EXERCISE: From the records below, copy each line in which the string "Figure" occurs.

INFORMATION SHOWN:
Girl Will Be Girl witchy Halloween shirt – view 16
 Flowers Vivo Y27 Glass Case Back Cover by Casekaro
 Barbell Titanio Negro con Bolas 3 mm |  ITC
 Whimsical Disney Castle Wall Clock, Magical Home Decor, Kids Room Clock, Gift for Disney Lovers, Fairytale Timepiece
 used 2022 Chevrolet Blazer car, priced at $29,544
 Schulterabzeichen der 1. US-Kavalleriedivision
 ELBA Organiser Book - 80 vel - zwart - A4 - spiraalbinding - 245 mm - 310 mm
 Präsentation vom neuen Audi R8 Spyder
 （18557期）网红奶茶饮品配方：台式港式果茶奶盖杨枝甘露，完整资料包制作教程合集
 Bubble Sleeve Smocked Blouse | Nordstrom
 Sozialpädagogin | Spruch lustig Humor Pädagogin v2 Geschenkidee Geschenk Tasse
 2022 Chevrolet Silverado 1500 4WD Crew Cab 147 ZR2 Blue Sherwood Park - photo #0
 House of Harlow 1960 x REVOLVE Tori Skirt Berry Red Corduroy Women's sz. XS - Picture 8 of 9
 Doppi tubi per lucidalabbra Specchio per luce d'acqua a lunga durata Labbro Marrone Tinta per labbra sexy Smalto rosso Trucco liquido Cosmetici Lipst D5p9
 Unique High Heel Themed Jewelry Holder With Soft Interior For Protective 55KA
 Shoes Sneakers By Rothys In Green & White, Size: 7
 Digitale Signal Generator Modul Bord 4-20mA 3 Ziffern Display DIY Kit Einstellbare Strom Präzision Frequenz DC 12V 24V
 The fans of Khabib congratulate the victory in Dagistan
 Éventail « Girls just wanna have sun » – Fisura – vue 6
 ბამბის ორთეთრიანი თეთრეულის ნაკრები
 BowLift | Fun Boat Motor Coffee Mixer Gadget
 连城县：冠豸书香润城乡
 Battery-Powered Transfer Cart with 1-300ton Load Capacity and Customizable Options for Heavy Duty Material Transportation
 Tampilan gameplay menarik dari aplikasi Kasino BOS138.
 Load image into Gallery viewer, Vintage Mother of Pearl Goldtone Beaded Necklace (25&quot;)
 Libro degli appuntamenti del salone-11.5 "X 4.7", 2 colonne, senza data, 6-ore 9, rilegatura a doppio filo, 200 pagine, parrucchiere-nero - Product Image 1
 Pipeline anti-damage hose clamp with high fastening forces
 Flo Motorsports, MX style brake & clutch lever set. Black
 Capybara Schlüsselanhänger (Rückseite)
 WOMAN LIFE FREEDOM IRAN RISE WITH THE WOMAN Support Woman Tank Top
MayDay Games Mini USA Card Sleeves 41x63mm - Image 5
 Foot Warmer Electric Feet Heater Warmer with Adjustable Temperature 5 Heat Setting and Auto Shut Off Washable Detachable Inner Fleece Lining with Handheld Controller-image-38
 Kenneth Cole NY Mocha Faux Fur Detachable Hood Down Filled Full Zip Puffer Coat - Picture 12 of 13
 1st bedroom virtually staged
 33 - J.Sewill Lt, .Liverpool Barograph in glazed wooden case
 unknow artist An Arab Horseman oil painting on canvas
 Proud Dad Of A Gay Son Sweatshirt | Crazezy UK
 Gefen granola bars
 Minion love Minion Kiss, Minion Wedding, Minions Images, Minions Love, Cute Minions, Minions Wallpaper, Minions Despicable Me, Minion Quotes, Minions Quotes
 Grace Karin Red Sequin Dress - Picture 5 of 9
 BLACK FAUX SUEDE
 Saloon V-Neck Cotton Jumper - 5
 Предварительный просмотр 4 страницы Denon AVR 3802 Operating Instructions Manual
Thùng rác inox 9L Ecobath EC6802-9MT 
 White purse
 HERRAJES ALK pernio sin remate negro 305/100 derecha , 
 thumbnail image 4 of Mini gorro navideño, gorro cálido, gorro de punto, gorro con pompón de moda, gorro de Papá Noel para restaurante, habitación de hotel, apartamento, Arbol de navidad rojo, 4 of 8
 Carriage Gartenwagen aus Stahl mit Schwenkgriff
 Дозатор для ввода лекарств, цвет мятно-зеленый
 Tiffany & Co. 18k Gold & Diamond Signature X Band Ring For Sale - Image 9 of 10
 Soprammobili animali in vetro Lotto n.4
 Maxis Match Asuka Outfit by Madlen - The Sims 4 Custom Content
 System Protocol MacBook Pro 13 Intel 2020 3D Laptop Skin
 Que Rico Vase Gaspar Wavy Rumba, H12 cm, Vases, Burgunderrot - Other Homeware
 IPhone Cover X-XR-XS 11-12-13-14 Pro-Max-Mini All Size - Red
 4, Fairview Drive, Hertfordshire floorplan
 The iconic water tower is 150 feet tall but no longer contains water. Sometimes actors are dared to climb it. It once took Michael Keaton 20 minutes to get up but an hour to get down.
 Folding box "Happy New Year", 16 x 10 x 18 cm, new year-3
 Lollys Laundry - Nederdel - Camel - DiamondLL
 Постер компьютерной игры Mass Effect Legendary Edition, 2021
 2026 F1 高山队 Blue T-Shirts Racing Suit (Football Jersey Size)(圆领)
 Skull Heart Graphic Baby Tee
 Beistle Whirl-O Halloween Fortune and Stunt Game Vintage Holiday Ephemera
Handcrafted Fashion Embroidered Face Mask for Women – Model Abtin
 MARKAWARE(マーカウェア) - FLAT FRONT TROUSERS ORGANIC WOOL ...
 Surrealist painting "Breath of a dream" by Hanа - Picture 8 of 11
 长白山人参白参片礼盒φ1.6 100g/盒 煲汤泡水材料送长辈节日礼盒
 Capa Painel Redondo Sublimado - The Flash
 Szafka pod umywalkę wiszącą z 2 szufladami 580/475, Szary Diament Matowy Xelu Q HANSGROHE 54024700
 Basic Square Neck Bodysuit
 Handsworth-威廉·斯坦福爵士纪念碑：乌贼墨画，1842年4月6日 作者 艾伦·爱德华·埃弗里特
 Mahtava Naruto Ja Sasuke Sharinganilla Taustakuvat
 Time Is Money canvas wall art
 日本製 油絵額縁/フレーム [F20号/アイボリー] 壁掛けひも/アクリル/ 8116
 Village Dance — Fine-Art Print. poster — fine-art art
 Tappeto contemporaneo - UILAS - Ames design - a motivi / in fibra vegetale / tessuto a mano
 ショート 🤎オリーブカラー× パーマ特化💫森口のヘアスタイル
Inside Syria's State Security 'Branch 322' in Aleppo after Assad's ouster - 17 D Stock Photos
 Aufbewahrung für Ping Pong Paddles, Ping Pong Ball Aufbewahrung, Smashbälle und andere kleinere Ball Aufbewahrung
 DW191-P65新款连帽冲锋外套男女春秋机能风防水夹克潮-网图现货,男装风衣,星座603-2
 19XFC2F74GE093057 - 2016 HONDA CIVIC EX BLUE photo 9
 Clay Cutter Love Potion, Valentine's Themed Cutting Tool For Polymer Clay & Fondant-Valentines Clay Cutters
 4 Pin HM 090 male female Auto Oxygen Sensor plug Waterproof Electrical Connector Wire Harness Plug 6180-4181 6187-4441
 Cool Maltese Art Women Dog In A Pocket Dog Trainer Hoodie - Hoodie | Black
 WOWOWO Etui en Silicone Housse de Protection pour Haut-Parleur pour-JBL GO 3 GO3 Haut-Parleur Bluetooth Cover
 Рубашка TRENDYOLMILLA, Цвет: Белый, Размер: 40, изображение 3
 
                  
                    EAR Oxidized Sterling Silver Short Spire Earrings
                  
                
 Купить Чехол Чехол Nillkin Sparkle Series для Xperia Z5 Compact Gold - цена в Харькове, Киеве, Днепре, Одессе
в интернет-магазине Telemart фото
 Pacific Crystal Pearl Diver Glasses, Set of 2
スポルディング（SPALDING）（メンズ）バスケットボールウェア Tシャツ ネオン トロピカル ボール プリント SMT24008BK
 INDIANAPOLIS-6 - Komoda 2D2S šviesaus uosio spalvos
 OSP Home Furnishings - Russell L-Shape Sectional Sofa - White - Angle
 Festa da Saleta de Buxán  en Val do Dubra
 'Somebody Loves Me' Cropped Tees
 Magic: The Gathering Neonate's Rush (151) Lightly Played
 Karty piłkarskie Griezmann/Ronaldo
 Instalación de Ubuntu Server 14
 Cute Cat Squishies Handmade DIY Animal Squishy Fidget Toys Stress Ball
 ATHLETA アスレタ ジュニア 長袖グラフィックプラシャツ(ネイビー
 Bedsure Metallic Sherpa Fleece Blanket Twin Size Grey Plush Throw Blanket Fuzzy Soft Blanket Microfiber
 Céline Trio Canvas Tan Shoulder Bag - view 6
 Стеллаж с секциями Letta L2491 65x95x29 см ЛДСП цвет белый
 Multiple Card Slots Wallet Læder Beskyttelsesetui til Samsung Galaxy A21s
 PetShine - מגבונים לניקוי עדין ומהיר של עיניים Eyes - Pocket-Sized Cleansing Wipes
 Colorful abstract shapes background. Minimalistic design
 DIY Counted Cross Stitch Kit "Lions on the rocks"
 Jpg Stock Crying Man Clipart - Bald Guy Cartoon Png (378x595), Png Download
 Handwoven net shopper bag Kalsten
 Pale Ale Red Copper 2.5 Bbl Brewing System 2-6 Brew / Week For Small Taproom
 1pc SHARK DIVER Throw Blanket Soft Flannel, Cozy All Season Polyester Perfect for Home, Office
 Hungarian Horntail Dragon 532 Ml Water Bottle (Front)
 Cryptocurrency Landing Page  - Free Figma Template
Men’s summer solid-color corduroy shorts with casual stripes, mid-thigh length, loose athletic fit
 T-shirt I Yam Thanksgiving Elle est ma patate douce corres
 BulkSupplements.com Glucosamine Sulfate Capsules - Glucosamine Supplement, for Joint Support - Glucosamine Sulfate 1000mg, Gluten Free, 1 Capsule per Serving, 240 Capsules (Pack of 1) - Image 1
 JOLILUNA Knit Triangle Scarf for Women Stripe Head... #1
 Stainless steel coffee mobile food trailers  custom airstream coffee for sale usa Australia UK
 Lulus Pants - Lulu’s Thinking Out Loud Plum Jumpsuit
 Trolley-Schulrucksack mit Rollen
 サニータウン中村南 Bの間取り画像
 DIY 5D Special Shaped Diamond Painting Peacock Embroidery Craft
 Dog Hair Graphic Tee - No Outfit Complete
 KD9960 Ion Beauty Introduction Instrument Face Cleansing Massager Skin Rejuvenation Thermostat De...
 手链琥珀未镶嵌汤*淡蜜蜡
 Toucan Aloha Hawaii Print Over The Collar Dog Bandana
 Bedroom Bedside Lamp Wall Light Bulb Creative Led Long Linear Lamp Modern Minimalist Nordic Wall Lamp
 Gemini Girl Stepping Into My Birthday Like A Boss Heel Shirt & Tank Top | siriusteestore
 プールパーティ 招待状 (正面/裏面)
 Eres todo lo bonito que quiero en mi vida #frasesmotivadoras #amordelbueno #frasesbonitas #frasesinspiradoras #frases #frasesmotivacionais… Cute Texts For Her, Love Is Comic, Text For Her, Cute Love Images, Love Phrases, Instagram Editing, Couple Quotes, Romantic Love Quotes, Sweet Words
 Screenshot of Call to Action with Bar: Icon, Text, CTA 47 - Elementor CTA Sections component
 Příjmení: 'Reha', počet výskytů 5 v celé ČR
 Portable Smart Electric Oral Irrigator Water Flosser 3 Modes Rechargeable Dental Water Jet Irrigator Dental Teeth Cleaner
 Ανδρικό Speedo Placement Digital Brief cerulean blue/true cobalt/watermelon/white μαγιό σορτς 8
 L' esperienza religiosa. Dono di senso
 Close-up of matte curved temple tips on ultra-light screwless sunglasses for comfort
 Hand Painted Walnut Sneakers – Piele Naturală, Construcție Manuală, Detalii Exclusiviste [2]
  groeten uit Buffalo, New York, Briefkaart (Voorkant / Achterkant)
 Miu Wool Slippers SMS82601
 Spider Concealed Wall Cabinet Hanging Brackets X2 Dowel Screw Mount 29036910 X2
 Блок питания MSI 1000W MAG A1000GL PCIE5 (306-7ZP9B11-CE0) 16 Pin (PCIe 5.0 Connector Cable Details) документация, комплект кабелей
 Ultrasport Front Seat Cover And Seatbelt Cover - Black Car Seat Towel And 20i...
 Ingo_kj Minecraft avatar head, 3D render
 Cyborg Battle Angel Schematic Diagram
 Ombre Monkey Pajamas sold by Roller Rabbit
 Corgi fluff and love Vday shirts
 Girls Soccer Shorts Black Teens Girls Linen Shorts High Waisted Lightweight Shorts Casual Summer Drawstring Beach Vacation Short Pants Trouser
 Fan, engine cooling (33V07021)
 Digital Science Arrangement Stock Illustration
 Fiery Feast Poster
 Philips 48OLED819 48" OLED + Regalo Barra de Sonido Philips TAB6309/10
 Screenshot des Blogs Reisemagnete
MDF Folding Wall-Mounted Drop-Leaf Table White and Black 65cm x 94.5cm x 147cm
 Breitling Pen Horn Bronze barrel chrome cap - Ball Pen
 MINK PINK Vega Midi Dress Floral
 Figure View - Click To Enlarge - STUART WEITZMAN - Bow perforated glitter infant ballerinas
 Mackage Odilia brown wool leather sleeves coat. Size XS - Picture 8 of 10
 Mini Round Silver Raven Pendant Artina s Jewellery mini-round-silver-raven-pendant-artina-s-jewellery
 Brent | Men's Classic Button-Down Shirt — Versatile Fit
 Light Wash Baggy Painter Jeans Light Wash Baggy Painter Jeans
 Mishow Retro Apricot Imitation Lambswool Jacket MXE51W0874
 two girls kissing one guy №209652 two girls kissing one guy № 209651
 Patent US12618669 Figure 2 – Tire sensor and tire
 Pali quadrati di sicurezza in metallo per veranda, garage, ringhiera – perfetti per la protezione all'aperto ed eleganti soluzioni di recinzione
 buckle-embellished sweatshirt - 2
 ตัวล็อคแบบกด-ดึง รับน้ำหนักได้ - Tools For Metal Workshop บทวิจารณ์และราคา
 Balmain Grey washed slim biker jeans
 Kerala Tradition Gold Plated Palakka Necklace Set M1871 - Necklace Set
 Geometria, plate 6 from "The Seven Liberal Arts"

WORKED SOLUTION:
 Figure View - Click To Enlarge - STUART WEITZMAN - Bow perforated glitter infant ballerinas
 Patent US12618669 Figure 2 – Tire sensor and tire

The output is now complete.